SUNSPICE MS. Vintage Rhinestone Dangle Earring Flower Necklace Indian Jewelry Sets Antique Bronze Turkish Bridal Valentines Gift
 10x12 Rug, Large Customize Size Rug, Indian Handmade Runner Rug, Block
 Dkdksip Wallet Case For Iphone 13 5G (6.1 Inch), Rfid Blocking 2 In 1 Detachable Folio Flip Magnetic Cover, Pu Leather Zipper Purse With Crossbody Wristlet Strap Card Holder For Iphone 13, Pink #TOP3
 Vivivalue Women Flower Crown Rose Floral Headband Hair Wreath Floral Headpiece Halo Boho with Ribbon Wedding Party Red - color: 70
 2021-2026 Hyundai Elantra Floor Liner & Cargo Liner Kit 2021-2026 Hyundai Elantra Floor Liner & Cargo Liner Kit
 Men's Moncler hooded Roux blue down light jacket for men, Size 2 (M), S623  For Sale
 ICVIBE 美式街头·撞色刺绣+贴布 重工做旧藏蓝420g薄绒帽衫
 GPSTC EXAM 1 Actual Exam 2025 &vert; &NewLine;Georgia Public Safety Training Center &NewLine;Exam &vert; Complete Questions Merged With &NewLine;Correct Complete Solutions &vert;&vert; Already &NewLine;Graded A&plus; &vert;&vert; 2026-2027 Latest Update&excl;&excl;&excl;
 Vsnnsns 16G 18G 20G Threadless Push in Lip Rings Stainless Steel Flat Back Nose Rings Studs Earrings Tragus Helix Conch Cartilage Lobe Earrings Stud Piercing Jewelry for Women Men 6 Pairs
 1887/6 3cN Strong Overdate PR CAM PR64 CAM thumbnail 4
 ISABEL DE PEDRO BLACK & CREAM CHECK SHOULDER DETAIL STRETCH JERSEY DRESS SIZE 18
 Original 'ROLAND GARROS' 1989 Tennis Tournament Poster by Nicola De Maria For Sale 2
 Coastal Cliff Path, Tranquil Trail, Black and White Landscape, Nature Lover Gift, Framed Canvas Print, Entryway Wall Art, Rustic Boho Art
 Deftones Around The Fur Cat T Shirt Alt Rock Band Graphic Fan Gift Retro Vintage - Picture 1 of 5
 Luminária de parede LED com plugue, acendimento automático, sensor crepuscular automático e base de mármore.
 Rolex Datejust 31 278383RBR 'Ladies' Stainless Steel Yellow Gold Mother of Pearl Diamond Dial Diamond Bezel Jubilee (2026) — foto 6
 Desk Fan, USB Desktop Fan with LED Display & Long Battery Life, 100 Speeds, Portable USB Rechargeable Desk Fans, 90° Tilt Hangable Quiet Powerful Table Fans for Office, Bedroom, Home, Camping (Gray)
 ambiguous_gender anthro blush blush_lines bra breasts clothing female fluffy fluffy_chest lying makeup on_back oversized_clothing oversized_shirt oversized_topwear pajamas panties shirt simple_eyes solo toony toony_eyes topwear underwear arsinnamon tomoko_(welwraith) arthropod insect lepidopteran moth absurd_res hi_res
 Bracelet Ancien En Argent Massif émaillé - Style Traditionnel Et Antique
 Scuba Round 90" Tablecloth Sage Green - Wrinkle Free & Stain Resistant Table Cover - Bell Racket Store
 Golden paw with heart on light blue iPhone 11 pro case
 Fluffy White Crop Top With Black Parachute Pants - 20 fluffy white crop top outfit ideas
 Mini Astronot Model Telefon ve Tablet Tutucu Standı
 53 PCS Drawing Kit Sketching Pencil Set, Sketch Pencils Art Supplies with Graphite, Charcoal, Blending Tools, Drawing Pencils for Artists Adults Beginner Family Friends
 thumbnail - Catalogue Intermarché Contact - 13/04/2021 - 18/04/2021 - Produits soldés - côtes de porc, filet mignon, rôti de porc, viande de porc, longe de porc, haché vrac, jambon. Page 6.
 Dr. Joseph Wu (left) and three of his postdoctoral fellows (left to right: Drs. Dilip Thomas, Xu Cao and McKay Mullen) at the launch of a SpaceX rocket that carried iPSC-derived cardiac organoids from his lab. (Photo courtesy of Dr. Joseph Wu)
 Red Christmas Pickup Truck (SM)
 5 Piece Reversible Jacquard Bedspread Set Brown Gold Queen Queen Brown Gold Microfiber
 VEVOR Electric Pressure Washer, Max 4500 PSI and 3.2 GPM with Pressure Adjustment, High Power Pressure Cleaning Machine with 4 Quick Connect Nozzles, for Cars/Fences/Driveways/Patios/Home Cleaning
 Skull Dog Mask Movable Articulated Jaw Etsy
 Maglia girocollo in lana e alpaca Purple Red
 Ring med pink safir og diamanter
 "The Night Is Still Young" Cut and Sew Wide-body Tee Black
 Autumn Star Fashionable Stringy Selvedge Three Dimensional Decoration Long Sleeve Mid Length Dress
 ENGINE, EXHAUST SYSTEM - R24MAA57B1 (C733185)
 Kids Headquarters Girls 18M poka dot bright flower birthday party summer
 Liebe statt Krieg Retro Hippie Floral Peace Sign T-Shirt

Work to complete:
Pull every line containing "White" out of the data above.

Task response:
 Coastal Cliff Path, Tranquil Trail, Black and White Landscape, Nature Lover Gift, Framed Canvas Print, Entryway Wall Art, Rustic Boho Art
 Fluffy White Crop Top With Black Parachute Pants - 20 fluffy white crop top outfit ideas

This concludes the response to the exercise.